En 2011, la mission électorale de l’OEA est aussi intervenue dans l’élection présidentielle haïtienne, afin que le candidat Michel Martelly, pourtant troisième, passe au deuxième tour. L’homme, qui bénéficiait de l’appui des États-Unis, a ainsi été élu à la présidence. Le Brésilien Ricardo Seitenfus était chef de bureau de l’OEA à Port-au-Prince à l’époque. Il est parti avec fracas après l’élection, en lanceur d’alerte : il a donné une série d’entrevues à l’international, puis publié un livre où il révèle l’ingérence étrangère et la manipulation politique de la mission d’observation de son organisme.

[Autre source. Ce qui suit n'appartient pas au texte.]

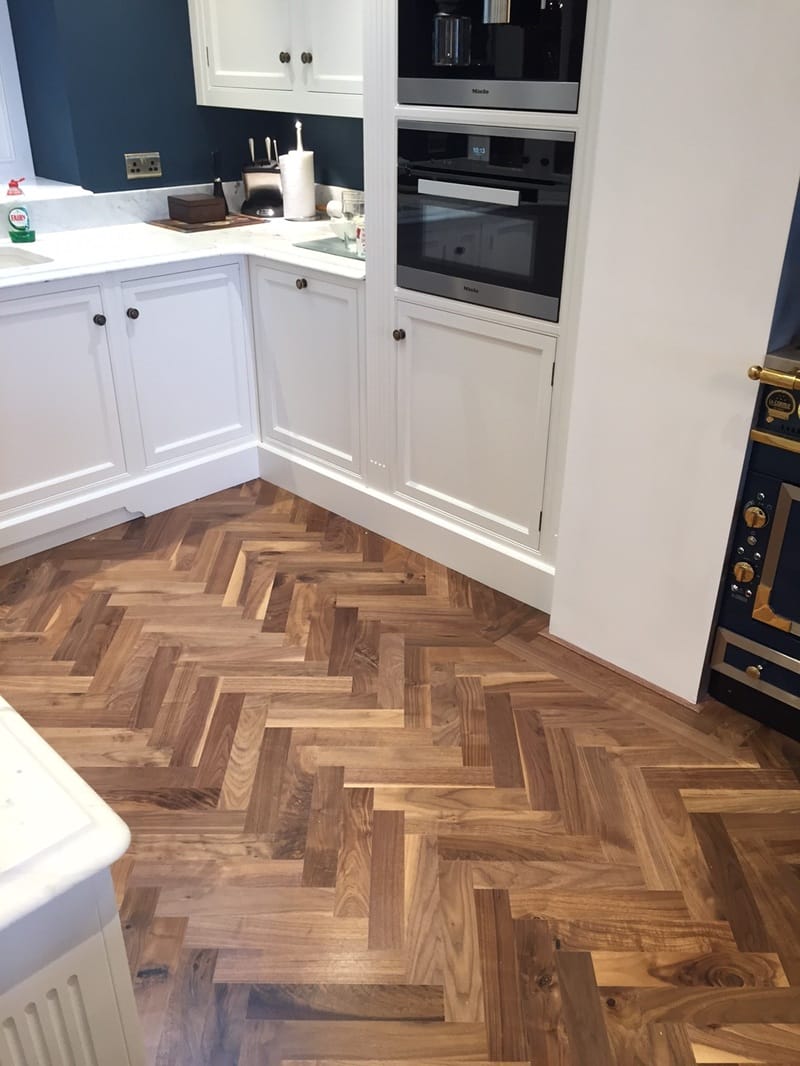 Walnut herringbone parquet floor installed around a kitchen island in a Cambridge home.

Même si les années ont passé, l’autorité morale de l’OEA demeure toujours fragile en Haïti, et l’idée que les élections sont manipulées par les étrangers s’est largement répandue dans la population au fil du temps. Le taux de participation électorale y est par conséquent anémique, ce qui contribue à faire douter de la légitimité des institutions démocratiques. Le dauphin de Martelly, Jovenel Moïse, dirige aujourd’hui le pays. Malgré le mouvement de protestation populaire qui dénonce la corruption et la dilapidation des fonds publics par Martelly et Moïse, le parti au pouvoir continue de recevoir l’appui de ce qu’on appelle en Haïti le « Core Group » : le triangle principal composé des États-Unis, du Canada et de la France, appuyé par le Brésil, l’Allemagne, l’Espagne, l’UE, l’ONU et, bien sûr, l’OEA.


Quiconque connaît la politique haïtienne ne peut qu’avoir une forte impression de déjà-vu devant la débâcle bolivienne. Les tactiques se raffinent, mais sur le fond, on a affaire à la même stratégie d’assujettissement des États vassaux depuis la doctrine Monroe de 1823.


Durant ses années au pouvoir, Evo Morales a limité l’expansion et bloqué des projets de minières canadiennes contestées par des communautés autochtones locales. Cette semaine, Chrystia Freeland, ministre d’Affaires mondiales, un ministère qui rend indissociable la politique étrangère du Canada de ses intérêts commerciaux, a salué « le travail inestimable accompli » par l’OEA, pris « note de la démission du président Morales » et appuyé « la volonté démocratique du peuple bolivien ». Il n’est pas nécessaire d’être Haïtien pour comprendre.


C’est la droite bolivienne qui a poussé Morales à l’exil. Mais sans l’appui explicite ou tacite de pays comme les États-Unis et le Canada, de tels coups seraient impossibles.